Magna subsequently released additional information regarding certain aspects of the proposed transaction, including two reports that had been prepared by CIBC and PricewaterhouseCoopers' valuation of Magna's Ecar business.

The OSC Decision

After a two-day hearing, a three-member panel of the OSC determined that the proposed transaction was not "abusive" and that it was the shareholders of Magna that ultimately should decide whether it proceeds.

At the same time, the panel determined that the disclosure provided to Magna shareholders was insufficient to permit them to make an informed decision as to how to vote. The panel noted that the proposed transaction is complex and constitutes a material related party transaction with no recommendation to shareholders from either the board or the special committee as to their view of the fairness of the proposed transaction. As result, the panel expressed concern that shareholders would be left to their own devices in making the decision as to how they will vote. In this context the panel required that, to the extent reasonably possible, shareholders be provided:

substantially the same information and analysis that the Special Committee received in considering and addressing the legal and business issues raised by the Proposed Transaction. [emphasis added]
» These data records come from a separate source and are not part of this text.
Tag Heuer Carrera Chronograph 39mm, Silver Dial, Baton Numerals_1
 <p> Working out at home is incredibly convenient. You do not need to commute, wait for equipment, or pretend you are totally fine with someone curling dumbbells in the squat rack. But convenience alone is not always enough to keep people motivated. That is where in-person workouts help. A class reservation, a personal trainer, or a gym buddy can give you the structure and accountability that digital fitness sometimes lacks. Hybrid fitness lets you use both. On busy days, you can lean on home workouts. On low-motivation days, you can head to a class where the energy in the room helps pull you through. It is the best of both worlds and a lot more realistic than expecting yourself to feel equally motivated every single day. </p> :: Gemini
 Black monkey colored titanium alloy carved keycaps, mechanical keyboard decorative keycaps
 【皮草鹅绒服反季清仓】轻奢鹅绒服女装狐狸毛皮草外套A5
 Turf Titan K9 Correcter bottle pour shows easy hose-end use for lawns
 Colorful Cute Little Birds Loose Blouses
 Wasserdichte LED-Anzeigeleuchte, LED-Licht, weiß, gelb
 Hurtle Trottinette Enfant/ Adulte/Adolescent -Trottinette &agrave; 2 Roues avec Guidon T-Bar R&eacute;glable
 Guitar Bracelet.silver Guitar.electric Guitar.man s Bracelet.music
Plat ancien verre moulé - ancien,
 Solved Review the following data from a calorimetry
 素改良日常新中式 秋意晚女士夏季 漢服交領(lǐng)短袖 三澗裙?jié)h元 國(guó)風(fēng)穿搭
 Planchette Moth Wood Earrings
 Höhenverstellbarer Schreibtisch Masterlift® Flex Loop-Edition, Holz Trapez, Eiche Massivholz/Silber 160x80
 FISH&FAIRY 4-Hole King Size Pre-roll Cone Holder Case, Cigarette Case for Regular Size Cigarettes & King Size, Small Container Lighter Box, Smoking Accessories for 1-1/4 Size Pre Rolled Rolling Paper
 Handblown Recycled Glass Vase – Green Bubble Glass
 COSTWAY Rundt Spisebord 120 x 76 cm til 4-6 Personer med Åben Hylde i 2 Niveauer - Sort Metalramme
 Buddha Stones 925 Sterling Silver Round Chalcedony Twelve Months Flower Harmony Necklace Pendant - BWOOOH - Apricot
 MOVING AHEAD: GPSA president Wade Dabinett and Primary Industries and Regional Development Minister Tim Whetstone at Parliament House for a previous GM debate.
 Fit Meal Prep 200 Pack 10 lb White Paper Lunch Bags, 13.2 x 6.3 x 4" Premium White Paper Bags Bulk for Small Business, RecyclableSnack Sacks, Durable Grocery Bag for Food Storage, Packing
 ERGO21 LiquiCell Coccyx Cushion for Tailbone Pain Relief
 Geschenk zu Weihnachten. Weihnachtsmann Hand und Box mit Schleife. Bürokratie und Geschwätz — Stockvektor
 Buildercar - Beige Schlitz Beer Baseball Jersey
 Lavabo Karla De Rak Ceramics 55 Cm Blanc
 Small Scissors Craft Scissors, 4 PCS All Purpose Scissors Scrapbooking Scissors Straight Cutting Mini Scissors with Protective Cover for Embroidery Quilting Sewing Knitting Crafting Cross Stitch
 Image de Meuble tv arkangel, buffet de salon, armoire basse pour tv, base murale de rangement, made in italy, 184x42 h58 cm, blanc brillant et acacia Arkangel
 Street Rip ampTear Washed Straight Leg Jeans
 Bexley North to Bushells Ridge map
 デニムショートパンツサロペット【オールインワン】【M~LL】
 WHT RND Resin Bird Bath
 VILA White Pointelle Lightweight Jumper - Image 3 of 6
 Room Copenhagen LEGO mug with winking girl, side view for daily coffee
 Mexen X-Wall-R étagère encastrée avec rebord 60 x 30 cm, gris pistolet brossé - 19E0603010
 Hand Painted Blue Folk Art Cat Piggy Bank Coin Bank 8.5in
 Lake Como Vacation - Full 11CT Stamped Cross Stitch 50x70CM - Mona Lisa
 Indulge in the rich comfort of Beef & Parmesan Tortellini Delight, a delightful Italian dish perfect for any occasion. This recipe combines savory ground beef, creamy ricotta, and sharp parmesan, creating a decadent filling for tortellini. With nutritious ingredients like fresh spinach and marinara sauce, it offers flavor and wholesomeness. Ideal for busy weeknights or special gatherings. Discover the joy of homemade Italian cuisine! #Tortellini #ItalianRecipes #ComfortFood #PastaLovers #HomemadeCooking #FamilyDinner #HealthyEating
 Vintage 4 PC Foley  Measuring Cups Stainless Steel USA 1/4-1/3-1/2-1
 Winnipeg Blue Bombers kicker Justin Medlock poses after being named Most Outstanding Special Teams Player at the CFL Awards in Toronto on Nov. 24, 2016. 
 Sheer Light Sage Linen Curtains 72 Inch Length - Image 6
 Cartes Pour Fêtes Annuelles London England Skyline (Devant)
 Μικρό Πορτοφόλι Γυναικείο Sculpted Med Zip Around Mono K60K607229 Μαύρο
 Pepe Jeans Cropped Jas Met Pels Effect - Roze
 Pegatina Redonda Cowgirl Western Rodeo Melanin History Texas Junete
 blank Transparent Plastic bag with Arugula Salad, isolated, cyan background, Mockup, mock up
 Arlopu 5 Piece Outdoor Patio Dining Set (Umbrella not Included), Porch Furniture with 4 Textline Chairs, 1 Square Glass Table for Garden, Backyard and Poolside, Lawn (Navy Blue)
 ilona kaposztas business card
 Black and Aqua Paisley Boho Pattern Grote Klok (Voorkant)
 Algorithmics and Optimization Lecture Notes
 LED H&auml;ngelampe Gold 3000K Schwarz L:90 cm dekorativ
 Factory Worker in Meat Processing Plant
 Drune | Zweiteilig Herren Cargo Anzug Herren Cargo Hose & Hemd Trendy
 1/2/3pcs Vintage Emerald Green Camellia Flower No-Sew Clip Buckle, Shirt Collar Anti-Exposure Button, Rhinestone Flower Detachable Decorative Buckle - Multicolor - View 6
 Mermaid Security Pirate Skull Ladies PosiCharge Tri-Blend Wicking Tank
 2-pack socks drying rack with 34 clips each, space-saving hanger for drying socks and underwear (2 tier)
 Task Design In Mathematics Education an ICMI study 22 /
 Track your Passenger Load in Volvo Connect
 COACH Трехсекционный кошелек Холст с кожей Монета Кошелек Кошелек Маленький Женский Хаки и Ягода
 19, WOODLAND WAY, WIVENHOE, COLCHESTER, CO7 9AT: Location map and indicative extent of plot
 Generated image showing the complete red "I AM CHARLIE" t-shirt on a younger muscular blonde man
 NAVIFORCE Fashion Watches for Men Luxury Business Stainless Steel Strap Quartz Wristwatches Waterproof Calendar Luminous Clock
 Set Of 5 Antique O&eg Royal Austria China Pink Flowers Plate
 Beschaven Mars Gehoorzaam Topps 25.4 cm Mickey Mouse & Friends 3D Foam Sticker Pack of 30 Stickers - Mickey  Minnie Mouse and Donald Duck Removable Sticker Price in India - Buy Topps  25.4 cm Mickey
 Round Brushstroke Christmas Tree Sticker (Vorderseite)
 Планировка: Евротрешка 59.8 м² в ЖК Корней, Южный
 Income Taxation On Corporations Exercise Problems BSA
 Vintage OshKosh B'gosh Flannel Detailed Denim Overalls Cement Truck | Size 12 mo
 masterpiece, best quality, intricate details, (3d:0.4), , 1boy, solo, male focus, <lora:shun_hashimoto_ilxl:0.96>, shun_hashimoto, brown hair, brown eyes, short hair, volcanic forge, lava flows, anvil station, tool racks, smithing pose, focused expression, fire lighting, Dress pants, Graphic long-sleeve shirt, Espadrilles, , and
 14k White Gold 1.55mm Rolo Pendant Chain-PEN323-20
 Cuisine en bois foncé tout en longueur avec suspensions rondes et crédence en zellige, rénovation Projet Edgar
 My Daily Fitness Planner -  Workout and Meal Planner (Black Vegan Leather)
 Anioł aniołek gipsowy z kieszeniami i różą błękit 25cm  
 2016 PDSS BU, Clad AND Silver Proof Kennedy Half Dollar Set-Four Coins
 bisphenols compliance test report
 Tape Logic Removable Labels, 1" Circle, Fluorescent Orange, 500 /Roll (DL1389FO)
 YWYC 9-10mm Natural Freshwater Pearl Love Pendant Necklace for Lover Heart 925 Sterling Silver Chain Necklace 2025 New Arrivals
The panel also indicated that, in these circumstances, the meeting materials must contain a statement that the disinterested members of the board or the special committee have concluded that the materials provide disclosure and information sufficient to permit shareholders to make an informed decision as to how to vote on the proposed transaction. The panel ordered that the transaction not proceed until the disclosure was augmented and approved by Staff.

The panel did not accept Staff 's submissions that the circumstances of the proposed transaction gave rise to the level of "abuse" that would warrant intervention by the regulator. The panel also noted that, while neither the special committee nor the board was required to make a recommendation to shareholders:

We have some concerns with the process followed by the Board, the Special Committee and management in reviewing and deciding to submit the Proposed Transaction to Shareholders for approval. We will discuss those issues in our reasons.

Implications of the Decision

Notwithstanding that the panel's decision recognized that the proposed transaction is "extraordinary" and "unique", based on past experience it is inevitable that the decision will be relied upon as precedent in other circumstances. While its implications will depend significantly on the reasons that are yet to be written:

  • The decision suggests a greater willingness than has been evidenced in the past for the OSC to review disclosure provided in the context of shareholder meetings.
  • The decision suggests that where a board does not provide a recommendation to shareholders as to how to vote (or, perhaps, whether to accept a takeover bid), the OSC may require that shareholders have access to the same information that the board had access to in assessing the transaction.
  • The disclosure required by the panel, which although qualified by a standard of reasonableness, may have the potential to compromise privilege that otherwise might attach to advice provided to a board and committees of a board.
  • As it did in connection with its HudBay decision, it appears that the OSC will continue to comment on corporate governance processes even in situations where those processes were found not to warrant intervention by the OSC.

The content of this article does not constitute legal advice and should not be relied on in that way. Specific advice should be sought about your specific circumstances.